I still have to get my head around sorting out all the numbers and videos and photographs so I can update my thread, but I can pretty much guarantee that my yield was below average whilst my hours were WELL below average. Most of the work was to put old roof tiles around the edge to mark the bed out and make it permanent and easy to clear around, a couple of hours work. The most expensive bit by far was to put in drip irrigation, which took around two hours including digging the trench to bury the pipe where it crossed the path. But apart from that there was very little work, and more to the point that work isn't going to be re-done for the foreseeable future. From my point of view, my other half did most of that work for me so it didn't impact my energy very much at all.

To clear the bed, we basically just smothered in cut grass thickly enough that nothing could grow though it. Planting obviously had to be done, weeds were taken care of automatically by the mulch, watering happened by switching the tap on when necessary. Then all that was needed was to pick stuff as I walked by. I pulled corn stalks out to use to light the fire.
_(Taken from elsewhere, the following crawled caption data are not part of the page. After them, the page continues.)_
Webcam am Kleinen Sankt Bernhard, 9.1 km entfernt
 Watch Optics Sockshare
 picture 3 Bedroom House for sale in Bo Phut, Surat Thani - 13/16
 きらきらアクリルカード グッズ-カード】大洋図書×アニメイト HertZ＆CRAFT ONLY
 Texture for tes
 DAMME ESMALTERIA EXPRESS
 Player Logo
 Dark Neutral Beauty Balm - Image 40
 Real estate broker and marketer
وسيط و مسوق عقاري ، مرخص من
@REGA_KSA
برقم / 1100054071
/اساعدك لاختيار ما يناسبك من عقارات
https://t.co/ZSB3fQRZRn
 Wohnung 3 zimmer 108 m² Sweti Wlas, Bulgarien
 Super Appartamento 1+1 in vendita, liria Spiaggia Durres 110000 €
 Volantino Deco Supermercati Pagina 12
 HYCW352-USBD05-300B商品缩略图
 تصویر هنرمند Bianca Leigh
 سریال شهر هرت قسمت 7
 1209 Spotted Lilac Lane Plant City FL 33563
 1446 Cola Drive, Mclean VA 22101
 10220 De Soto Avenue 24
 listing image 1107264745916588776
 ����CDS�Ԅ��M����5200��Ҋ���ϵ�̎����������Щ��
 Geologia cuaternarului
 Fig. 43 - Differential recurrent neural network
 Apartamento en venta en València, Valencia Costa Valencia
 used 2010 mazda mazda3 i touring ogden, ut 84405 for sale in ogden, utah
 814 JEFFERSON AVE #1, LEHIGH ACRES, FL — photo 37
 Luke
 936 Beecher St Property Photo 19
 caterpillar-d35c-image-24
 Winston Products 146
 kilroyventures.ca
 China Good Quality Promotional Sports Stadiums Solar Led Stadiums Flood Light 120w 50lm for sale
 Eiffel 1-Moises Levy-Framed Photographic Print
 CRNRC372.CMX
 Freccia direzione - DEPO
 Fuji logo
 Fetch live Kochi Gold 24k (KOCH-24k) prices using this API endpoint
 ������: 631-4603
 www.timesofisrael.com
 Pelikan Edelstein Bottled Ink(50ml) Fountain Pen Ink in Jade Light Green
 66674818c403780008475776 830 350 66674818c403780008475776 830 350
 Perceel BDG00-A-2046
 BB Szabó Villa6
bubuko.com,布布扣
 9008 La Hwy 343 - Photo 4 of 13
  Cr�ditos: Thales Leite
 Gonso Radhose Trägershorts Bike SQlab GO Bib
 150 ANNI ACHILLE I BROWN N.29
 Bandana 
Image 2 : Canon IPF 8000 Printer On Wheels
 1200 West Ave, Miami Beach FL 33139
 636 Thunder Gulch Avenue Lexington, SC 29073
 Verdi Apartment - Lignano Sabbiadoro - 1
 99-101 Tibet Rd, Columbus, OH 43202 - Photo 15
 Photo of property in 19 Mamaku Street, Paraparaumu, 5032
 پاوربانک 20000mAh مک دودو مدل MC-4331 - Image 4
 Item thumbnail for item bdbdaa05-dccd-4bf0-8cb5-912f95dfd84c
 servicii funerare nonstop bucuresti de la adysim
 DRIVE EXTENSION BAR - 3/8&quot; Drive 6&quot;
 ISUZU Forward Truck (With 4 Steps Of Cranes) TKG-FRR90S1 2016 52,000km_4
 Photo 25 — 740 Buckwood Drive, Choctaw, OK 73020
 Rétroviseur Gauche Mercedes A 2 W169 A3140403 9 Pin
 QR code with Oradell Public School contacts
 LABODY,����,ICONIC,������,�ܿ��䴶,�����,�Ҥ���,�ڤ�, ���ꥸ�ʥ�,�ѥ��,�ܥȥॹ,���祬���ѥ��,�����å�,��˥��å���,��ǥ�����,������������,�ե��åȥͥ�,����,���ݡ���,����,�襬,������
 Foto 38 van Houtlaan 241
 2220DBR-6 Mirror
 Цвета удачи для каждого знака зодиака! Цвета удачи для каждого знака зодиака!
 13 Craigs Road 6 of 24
Other crop residues and any weeds that had managed to put in an appearance by the end of the growing season were just smothered with more cut grass to prepare for the next planting. Scraps from the compost caddy in the kitchen would be put under the mulch when I needed to empty it - does that count as time? I'd have to empty it somewhere. Pee gets tipped on any empty areas, but I'd have to empty it somewhere. Same with ash from the rocket mass heater and egg shells - it takes no longer to put it on the GAMCOD bed than anywhere else. The cut grass gets cut anyway and we do spend a few minutes raking up a big builders bag full and fetching it over. But there's no digging, no weeding, no raking, just mulching, adding stuff that we need to get rid of anyway, planting, turning the water on once a day in hot weather, and then harvesting.

I think the aim of the experiment was truly cheap and easy, but I think the prize (which I don't qualify for as I'm the wrong climate) is based on calories so I think there has been a tendency to focus on maximising the calories rather than minimising the work.

Here's a little video of my other half prepping soil by smothering it in cut grass, which had to be cut anyway. No digging - it just has to be applied in time to smother the weeds, and the soil softens up nicely underneath so planting is easier too.



I must get my head together to write up the rest of the thread, I've been putting it off for months. Soon, I promise!